Dentro questo vuoto si alimenta il clima odierno: un Paese polarizzato, attraversato da nuove radicalizzazioni, dove l’antifascismo rischia di apparire un’espressione partigiana, anziché il fondamento stesso della convivenza repubblicana. Dove gridare “Viva l’Italia Antifascista” ti rende sospetto, e scrivere “Moscufo è Antifascista” sotto il volto di Mussolini ti fa bollare da vandalo. È un capovolgimento culturale che dice molto: come se l’antifascismo fosse il problema, e non il fascismo che continua a riemergere sotto traccia, nei linguaggi, nelle nostalgie, nei simboli mai del tutto spenti.
Il gesto di Andrea D’Emilio, allora, non è follia, non è vandalismo, non è un capriccio individuale. È un atto di dignità. È un tentativo di ricordare, a tutti, che una Repubblica che teme la parola antifascista è una Repubblica che smarrisce se stessa. È una scritta che restituisce verità a un muro che, da troppo tempo, parlava soltanto la lingua della propaganda. È il segno che il compito di contestualizzare, spiegare, storicizzare non è stato compiuto. E che, se lo Stato e le istituzioni non lo fanno, spetta alla coscienza civile colmare quel silenzio.
Non si tratta di replicare il gesto, ma di comprenderne il senso.

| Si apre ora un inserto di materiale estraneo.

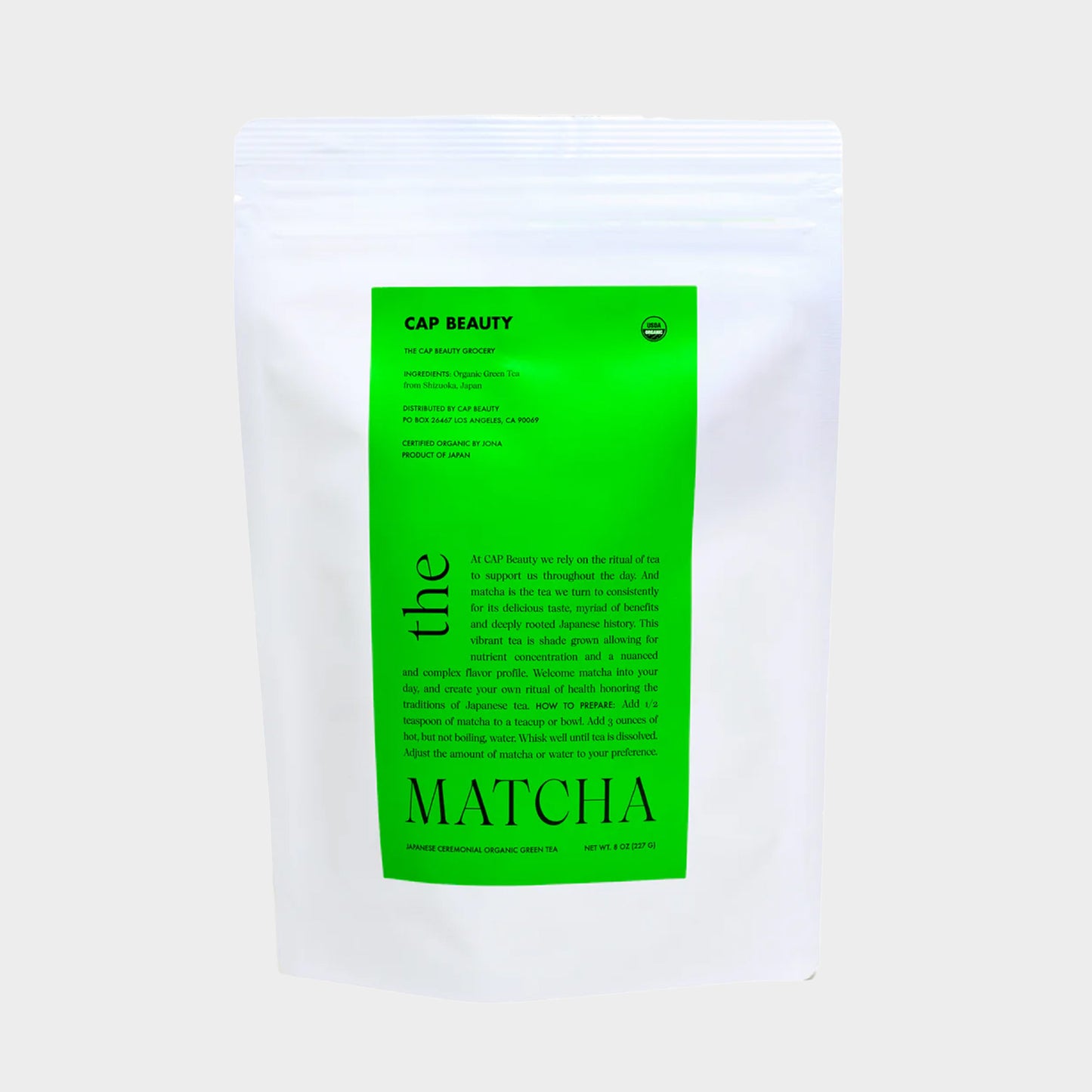 Cap Beauty Matcha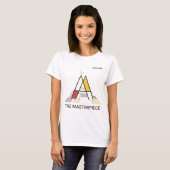 modern kunstmonogram en koehandel - letter " A " T-shirt (Voorkant volledig)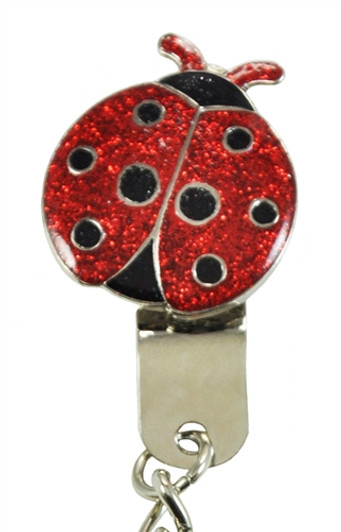 Crushed Crystal Ladybug Key Keyper Keychain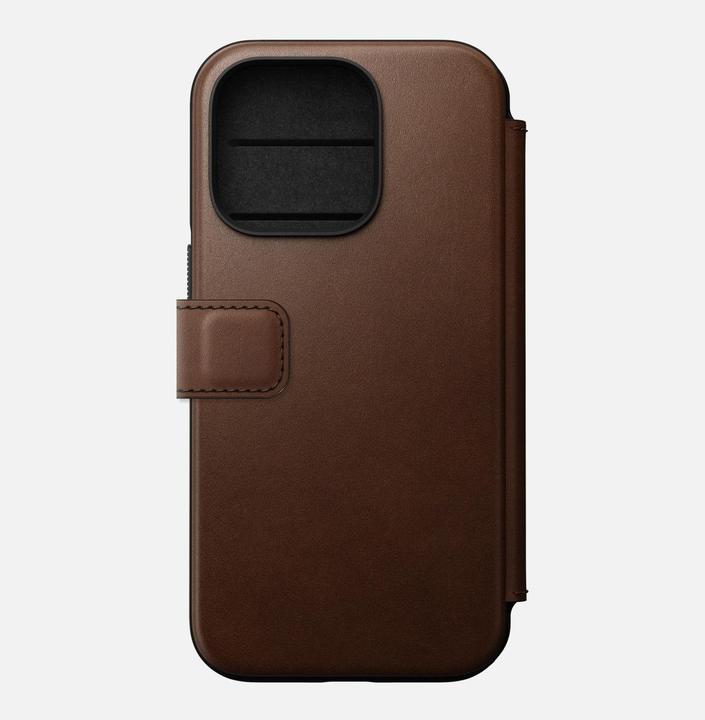 Produktbild Nomad Book Cover Modern Leather Folio iPhone 14 Pro Braun (Apple iPhone 14 Pro)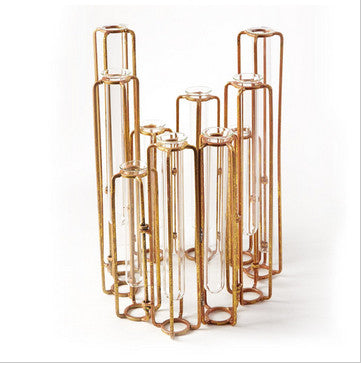 Large Gold Hinged Vase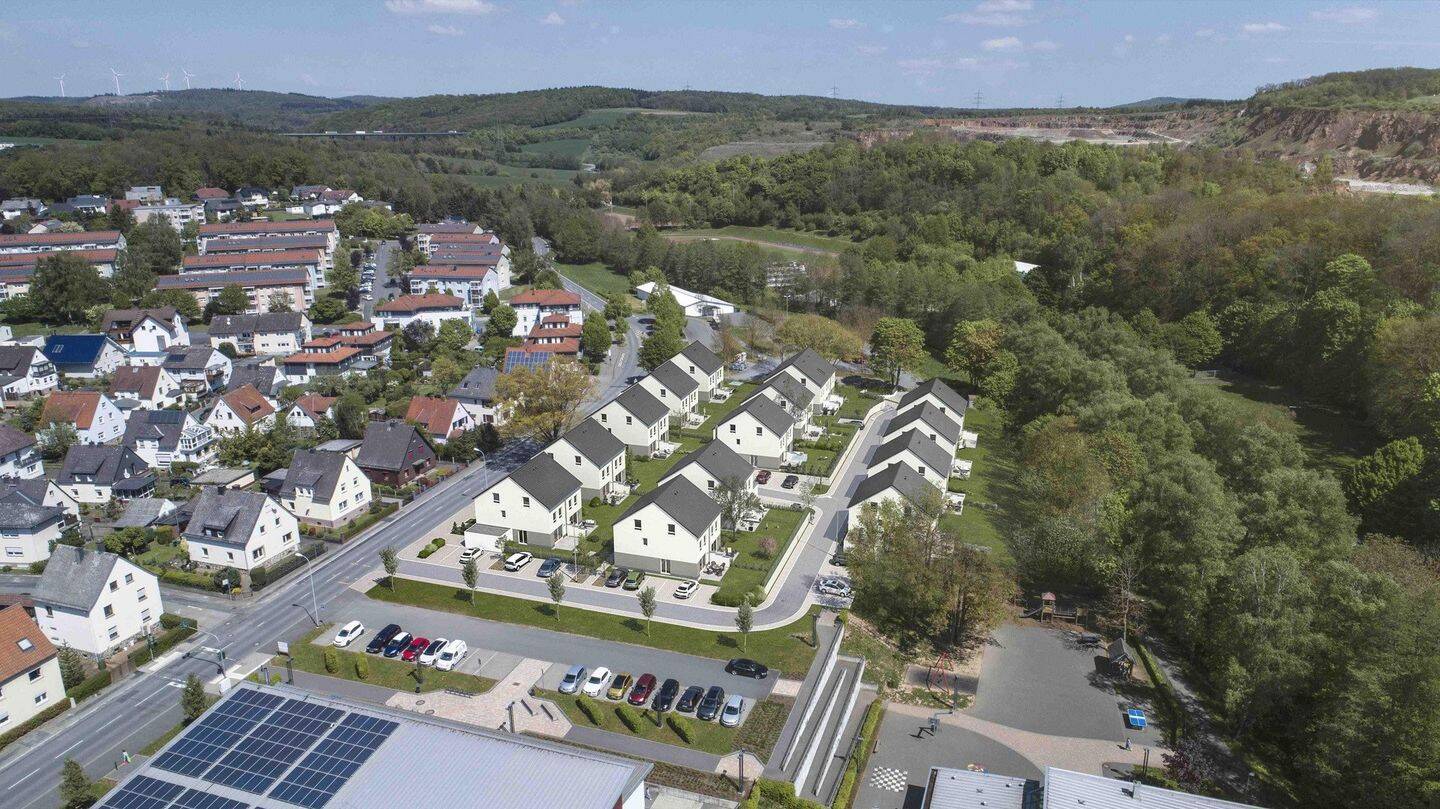 Exklusive Doppelhaushälfte mit Garten, Terrasse, Einbauküche und Garage in Wetzlar – Wetzlar – Vorschaubild 2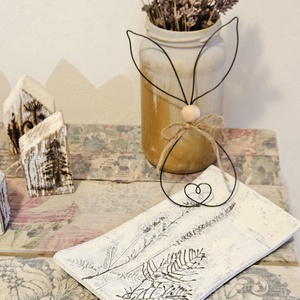 Nyuszi dekor, Otthon & Életmód, Dekoráció, Dekoratív figurák és szobrok, , MESKA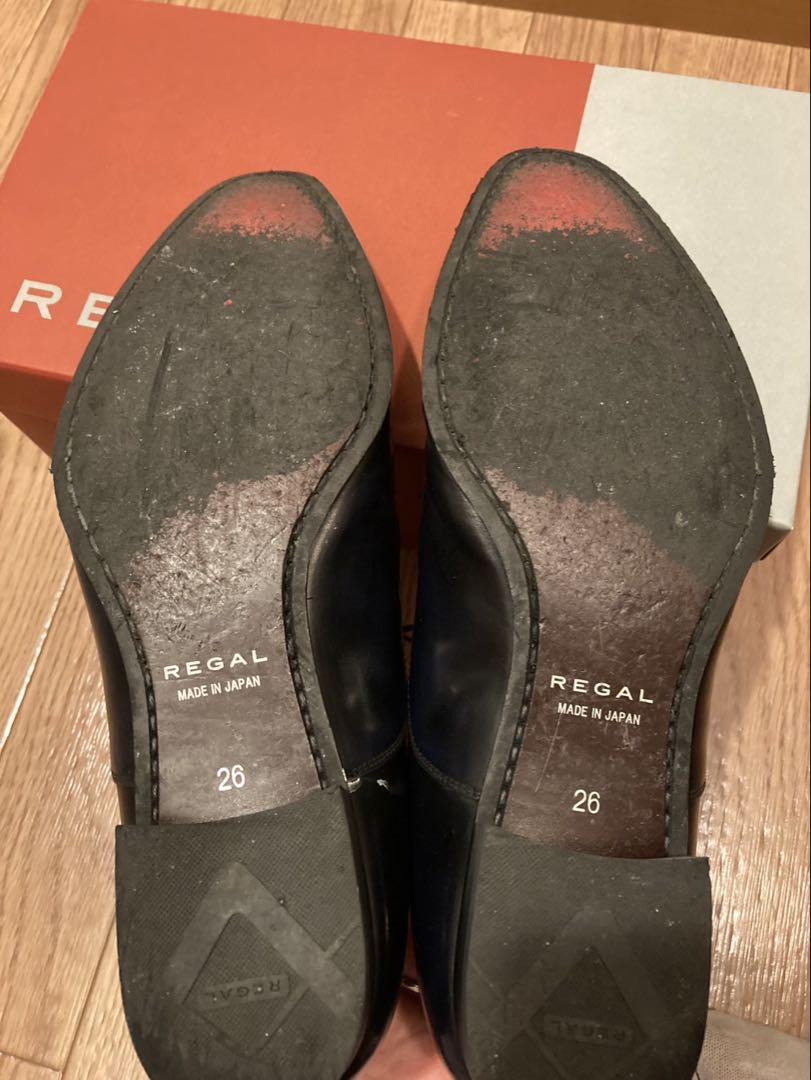 REGAL ドレスシューズ 21VR 26 ストレートチップ　ネイビー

Ogni monumento del fascismo dovrebbe essere accompagnato da un chiarimento: che quel segno appartiene a una dittatura e che la Repubblica nata dalla Resistenza è antifascista. Sarebbe la cosa più ovvia, e invece è la più rimossa. Finché non accadrà, gesti come quello di Moscufo continueranno ad apparire come provocazioni. Ma la vera provocazione è l’assenza di parole, è il vuoto lasciato attorno a simboli che non smettono di pesare.
In un Paese che davvero avesse fatto i conti con il proprio passato, quella scritta sarebbe superflua. In Italia, invece, è ancora necessaria. Per questo non è vandalismo: è memoria viva, è resistenza civile. È il promemoria che l’Italia intera dovrebbe avere il coraggio di incidere sotto ogni monumento del regime: l’Italia è Antifascista.